*Aim of the task*:
Check each line of the material below for "Watch", then copy the ones that contain it.

*Data section*:
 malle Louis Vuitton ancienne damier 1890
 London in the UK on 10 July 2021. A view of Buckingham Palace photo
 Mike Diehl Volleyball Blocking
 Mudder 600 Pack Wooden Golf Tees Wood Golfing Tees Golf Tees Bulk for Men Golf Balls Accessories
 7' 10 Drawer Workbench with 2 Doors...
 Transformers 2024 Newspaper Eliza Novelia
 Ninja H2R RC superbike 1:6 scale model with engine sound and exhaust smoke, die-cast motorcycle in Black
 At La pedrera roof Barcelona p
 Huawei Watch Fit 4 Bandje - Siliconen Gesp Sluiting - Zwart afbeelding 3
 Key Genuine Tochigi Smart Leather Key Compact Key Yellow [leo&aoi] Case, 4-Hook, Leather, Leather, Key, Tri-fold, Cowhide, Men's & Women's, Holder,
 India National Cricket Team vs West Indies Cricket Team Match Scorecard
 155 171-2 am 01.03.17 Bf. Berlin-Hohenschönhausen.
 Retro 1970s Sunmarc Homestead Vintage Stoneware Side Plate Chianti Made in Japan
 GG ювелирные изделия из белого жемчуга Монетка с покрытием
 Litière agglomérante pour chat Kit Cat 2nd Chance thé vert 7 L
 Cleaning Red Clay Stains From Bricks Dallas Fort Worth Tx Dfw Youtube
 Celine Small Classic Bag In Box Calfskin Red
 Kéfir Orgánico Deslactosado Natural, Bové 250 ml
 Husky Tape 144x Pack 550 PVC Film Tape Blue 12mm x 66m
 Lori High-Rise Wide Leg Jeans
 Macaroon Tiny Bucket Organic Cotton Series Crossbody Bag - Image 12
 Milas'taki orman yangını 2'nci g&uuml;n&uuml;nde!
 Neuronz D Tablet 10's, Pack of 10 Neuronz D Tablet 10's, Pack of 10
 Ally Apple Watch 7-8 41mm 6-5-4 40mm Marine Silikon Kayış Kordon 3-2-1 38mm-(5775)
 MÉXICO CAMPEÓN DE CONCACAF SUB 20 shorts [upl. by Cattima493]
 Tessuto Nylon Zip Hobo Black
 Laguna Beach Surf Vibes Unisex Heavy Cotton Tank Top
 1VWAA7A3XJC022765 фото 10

*Answer to this exercise*:
 Huawei Watch Fit 4 Bandje - Siliconen Gesp Sluiting - Zwart afbeelding 3
 Ally Apple Watch 7-8 41mm 6-5-4 40mm Marine Silikon Kayış Kordon 3-2-1 38mm-(5775)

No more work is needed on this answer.